Basically, at the top level of your application, you will have a supervisor that will look after all of the processes that are important to your application. Each of these processes could have any kind of functionality (e.g., database connection, HTTP server, etc), or be another supervisor. When you start these applications, they too may start a supervision tree of processes that are important to them (e.g., the database connection may actually start a pool of processes).

In "fail fast" or "let it crash", only the process that actually threw the exception will die. The supervisor that is looking after that process will be notified of it being killed and, depending on how you have the supervisor configured, it may or may not start a new process to replace the one that died.

Another thing to note, depending on how the supervisor is configured, it may actually crash if a particular process it is monitoring crashes too many times. This will make the supervisor crash and it should bubble up to it's supervisor. Unfortunately, it is possible to take down your entire application this way.

TLDR: There is no master process that does all of this. Though, each supervisor is sort of a master process for each of its supervisors and workers and the processes a supervisor watches may or may not be restarted upon failure.

1 comments

So, is there a particular strategy to organizing code in order to 'hot-swap' it (failing code) out, while keeping a production system up and running?
Pretty much! I haven't played with that feature myself, but Erlang's telecom origins help explain this feature. If you're upgrading a telephone switch with N live calls, it'd be optimal to not have to kill those calls just to upgrade some software. There's more nuance to it than that, but "little-to-no downtime", or hot swappable code, is a language feature. Pretty neat idea in an era of "throw away the whole VM/container" to push a config update.
So, there's maybe two parts to your question? How do you structure your code to make it possible to hot load code -- and how does that help you recover from crashes.

The beam VM allows for an old version and a current version of all modules. When you call into a function with a fully qualified name (Module:Function), it always calls into the current version; if you call a function within a module only by its function name, it calls into the same version that is executing, which could be the old version. So, you need to periodically (or on demand via some message) make a fully qualified call, to ensure your process will migrate. You also need to make sure the old version doesn't stay on the stack, so you have to be tail recursive, at least sometimes. You also need to make sure you make your new code able to cope with state developed by old code, which can be challenging at times.
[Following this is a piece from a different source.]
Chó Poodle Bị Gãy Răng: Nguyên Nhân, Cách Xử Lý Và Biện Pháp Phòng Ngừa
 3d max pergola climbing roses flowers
If your service is generally stable, but occasionally crashes with some types of requests, then you're in a good place. If something is crashing a lot, it can cascade into a supervisor crash, and it is likely that you will have a bad day. In theory, when your service starts (started by you, or if the supervisor restarts it), it has a consistent state, and will be able to service requests; but often it started crashing because some service it requires stopped working right, and restarting the client doesn't really help.

I've found let it crash is a good philosophy, but shouldn't always be implemented literally. In an http server, I'd rather catch crashes, log them and return an error to the client -- not just close the socket. In erlang server processes that don't maintain much state running in pg2, it's better to catch and log, because requests are going to be lost if you actually crash.